It looks like it's true, the "Honey Badger don't care."
LSU could still win the SEC West, but Mathieu's dismissal is big enough to knock this team from the pedestal of being the favorites in America's toughest division.
There is some debate as to whether or not Mathieu is more sizzle than steak, since Alabama picked on him a bit in the Tigers' 21-0 loss to the Crimson Tide in last season's BCS National Championship Game.
However, you can't argue how big his impact was on his team overall.
His work on special teams flipped momentum in three games last season. He did it in the Tigers' season-opening win vs. Oregon, in the regular-season finale vs. Arkansas and again in the SEC Championship Game vs. Georgia.

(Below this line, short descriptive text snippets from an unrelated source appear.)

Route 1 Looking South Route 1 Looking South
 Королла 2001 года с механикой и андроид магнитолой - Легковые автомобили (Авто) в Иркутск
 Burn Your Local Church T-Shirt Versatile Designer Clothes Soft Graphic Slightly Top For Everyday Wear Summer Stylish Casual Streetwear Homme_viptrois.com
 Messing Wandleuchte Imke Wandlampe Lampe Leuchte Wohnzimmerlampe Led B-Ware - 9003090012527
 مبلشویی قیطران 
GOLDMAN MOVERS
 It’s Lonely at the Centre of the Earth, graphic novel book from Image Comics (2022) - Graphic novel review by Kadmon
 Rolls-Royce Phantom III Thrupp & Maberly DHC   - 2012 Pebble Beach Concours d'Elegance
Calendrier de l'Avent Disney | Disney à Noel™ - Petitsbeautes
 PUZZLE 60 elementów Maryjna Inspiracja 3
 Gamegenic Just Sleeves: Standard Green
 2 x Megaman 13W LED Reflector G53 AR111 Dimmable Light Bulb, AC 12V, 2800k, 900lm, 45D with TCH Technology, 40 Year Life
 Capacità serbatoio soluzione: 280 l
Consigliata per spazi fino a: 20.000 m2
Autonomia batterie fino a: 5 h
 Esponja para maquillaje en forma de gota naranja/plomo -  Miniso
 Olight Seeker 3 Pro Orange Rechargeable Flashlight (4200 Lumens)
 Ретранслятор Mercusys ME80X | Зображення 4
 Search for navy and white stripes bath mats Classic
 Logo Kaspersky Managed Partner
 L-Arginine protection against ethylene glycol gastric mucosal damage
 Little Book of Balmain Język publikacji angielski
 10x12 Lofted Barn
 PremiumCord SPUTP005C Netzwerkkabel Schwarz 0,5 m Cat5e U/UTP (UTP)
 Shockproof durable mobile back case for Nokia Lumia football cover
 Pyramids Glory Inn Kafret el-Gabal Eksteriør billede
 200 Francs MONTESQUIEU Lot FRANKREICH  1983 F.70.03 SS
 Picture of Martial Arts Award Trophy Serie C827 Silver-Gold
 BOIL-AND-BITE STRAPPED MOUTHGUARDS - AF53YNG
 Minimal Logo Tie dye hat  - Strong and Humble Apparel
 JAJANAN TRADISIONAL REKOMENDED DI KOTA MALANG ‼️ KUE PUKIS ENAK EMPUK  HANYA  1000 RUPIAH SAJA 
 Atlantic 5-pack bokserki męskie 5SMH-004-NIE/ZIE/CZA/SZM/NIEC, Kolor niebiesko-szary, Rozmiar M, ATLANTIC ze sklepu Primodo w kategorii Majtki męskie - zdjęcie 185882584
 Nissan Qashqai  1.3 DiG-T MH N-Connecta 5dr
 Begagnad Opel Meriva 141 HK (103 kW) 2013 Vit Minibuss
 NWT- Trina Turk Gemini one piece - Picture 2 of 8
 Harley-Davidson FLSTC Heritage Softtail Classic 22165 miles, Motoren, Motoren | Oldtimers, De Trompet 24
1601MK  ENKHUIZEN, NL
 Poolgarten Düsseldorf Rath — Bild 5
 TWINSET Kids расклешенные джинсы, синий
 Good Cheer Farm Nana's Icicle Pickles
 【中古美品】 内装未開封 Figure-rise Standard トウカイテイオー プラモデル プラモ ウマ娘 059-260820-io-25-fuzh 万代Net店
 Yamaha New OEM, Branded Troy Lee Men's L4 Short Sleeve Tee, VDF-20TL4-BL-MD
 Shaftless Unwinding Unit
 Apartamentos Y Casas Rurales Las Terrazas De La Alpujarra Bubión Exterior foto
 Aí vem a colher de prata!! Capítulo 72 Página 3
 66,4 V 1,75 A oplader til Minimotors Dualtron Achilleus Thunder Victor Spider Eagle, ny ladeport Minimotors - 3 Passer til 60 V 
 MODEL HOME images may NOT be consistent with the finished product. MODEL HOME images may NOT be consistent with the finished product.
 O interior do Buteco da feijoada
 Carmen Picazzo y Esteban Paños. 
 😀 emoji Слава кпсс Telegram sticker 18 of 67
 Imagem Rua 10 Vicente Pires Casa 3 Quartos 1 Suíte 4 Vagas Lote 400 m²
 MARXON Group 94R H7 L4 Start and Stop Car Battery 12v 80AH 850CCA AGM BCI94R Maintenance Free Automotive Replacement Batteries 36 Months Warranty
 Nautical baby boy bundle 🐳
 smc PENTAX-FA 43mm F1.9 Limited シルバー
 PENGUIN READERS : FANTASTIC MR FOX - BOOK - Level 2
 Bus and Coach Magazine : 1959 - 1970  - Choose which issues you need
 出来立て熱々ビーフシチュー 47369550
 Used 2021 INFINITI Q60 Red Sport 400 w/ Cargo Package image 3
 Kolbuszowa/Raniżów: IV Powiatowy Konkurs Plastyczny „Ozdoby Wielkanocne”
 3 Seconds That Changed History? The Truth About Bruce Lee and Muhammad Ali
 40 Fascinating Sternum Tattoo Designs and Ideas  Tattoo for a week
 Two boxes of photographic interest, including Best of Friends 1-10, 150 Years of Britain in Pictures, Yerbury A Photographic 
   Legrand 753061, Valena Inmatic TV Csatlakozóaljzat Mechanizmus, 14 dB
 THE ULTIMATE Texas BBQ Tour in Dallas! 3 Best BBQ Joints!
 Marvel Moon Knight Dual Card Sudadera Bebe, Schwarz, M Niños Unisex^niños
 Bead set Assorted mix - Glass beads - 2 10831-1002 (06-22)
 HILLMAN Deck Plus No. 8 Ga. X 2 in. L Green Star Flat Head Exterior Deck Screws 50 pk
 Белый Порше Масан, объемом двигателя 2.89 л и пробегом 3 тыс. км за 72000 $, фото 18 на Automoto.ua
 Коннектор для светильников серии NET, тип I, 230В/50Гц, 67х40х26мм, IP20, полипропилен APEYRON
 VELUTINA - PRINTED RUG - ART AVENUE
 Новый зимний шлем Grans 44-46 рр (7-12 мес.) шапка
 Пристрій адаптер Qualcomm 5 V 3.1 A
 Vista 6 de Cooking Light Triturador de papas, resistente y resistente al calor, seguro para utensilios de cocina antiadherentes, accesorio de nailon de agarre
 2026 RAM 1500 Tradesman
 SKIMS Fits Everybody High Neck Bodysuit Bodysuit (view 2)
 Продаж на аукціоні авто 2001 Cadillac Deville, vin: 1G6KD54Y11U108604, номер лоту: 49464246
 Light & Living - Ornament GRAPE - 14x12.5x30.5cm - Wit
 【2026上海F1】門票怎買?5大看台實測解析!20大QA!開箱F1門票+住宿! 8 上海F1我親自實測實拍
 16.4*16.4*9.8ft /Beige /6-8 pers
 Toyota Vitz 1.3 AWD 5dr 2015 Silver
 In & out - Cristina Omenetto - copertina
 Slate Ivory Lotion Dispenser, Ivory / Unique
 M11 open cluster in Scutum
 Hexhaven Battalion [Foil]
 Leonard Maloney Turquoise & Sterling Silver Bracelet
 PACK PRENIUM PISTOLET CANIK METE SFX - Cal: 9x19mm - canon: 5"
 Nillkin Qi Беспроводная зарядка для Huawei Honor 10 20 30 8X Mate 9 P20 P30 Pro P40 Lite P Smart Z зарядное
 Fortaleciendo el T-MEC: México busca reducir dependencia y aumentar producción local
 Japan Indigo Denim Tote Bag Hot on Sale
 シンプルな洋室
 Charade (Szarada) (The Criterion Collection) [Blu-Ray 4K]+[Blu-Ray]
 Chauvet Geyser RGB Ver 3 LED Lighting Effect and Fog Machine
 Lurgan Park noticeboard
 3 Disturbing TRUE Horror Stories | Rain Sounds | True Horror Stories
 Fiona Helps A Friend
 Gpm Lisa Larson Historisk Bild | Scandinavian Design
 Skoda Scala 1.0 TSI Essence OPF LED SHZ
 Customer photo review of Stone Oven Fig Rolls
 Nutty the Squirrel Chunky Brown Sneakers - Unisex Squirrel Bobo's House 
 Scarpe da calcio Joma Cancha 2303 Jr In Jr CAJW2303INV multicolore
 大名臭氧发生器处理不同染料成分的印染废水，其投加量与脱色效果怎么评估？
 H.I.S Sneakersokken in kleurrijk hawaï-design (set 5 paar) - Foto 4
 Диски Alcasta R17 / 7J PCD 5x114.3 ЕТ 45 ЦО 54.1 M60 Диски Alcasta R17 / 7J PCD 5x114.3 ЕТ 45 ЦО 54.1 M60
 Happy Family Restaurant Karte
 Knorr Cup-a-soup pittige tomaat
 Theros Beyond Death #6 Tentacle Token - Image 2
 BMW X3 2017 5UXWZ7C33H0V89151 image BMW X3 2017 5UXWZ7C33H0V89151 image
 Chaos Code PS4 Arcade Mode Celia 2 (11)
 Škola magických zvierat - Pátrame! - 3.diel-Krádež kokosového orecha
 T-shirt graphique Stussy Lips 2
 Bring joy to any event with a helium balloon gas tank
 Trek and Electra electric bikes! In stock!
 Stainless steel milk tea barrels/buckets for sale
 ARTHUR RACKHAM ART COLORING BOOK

It's a cliche, but in Mathieu's case, it's true—big-time players make big-time plays in big games.
The Tigers are going to have to win big games if they want to repeat as SEC Champions, and will have to do so with Odell Beckham, Jr. as the team's punt returner and either David Jenkins or Jalen Collins lining up opposite Tharold Simon at defensive back.
That's not to say that those players can't handle the responsibility; but Mathieu's knack to get the big punt return, force the turnover or make the big tackle in the open field when his team needs it the most is unmatched in the current landscape of college football.
LSU can still win the SEC West.
It's a talented football team that still has a lot of talent on defense. Plus, it's biggest issue on either side of the ball from last season will be fixed as long as quarterback Zach Mettenberger can stretch the field. Nevertheless, Mathieu's absence absolutely throws the SEC West up for grabs, particularly for Alabama and Arkansas.
With Mathieu gone, LSU will enter 2012 without a first-round pick (Morris Claiborne), a fourth-round pick (Ron Brooks) and a Heisman finalist (Mathieu) from last season's secondary. Those are too many question marks to make the Tigers the favorites, even though Mathieu's cover skills are up for debate.